--- Material provided ---
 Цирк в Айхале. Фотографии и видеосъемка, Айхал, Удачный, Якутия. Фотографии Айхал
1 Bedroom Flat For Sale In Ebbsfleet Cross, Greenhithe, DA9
---
--- Material provided ---
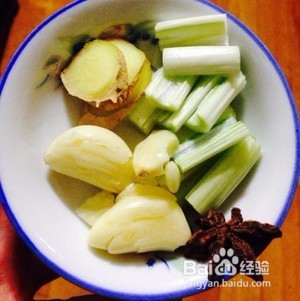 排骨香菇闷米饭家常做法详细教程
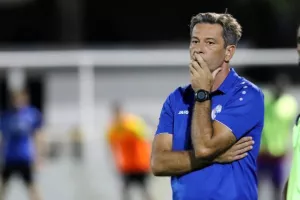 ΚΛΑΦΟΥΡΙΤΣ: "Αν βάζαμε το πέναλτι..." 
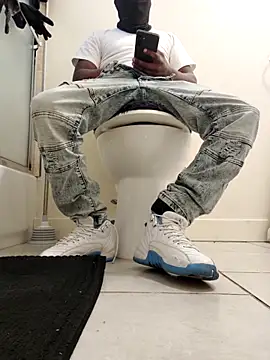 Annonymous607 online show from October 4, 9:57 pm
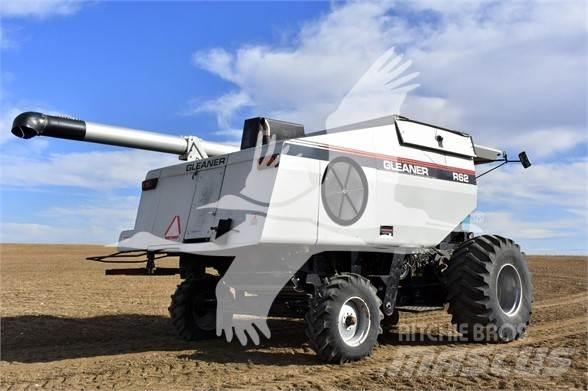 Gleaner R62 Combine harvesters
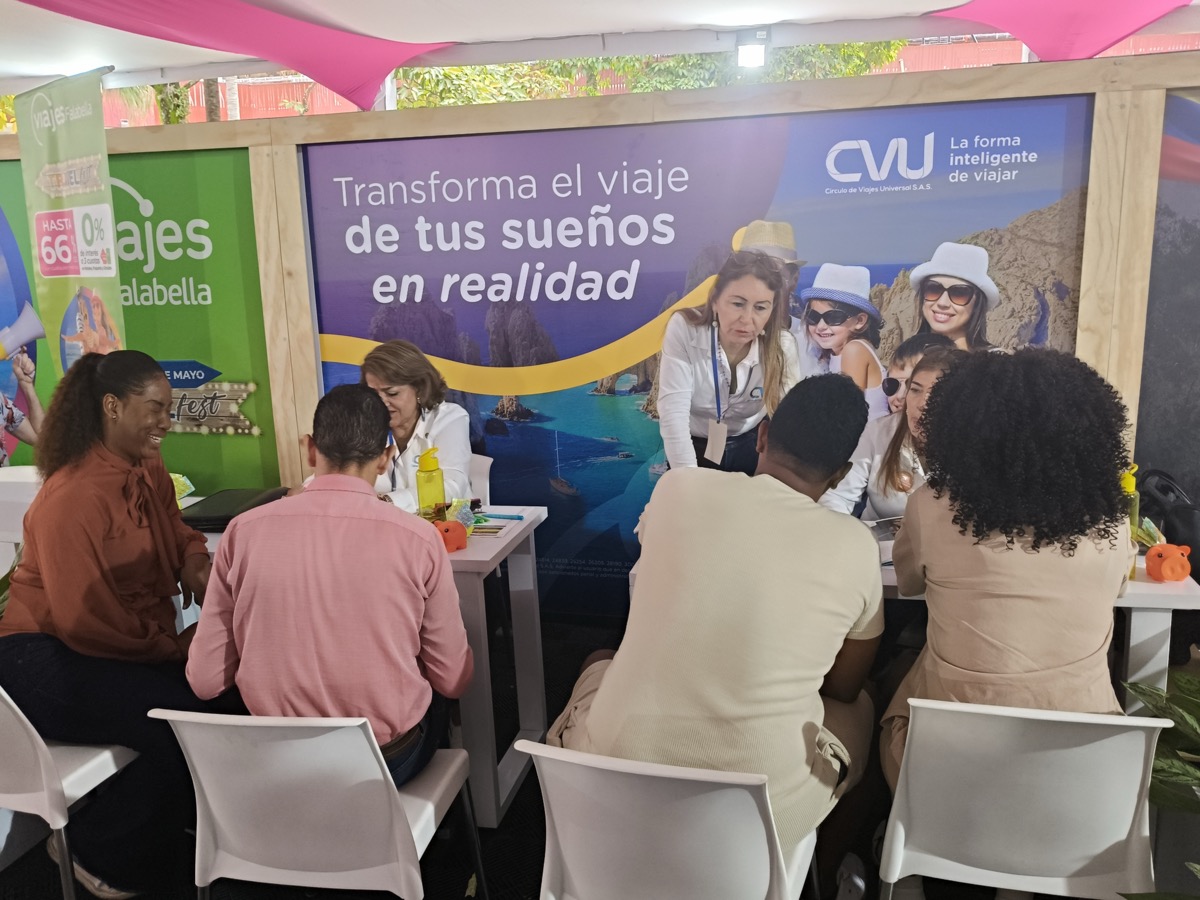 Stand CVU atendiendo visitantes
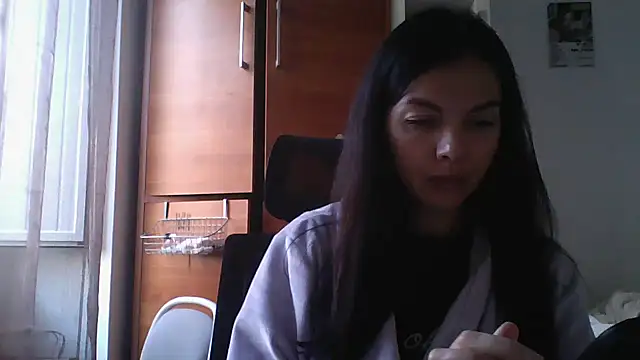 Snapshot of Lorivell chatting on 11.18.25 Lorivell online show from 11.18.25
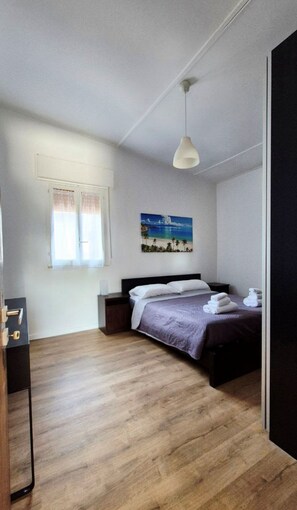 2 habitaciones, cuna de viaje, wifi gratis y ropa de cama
---
> _What you need to do_
Out of the records above, return only the lines from the one with "排骨香菇闷米饭家常做法详细教程" through the one with "2 habitaciones, cuna", exactly, and none of the pictures.

> _Result of the exercise_
 排骨香菇闷米饭家常做法详细教程
 ΚΛΑΦΟΥΡΙΤΣ: "Αν βάζαμε το πέναλτι..." 
 Annonymous607 online show from October 4, 9:57 pm
 Gleaner R62 Combine harvesters
 Stand CVU atendiendo visitantes
 Snapshot of Lorivell chatting on 11.18.25 Lorivell online show from 11.18.25
 2 habitaciones, cuna de viaje, wifi gratis y ropa de cama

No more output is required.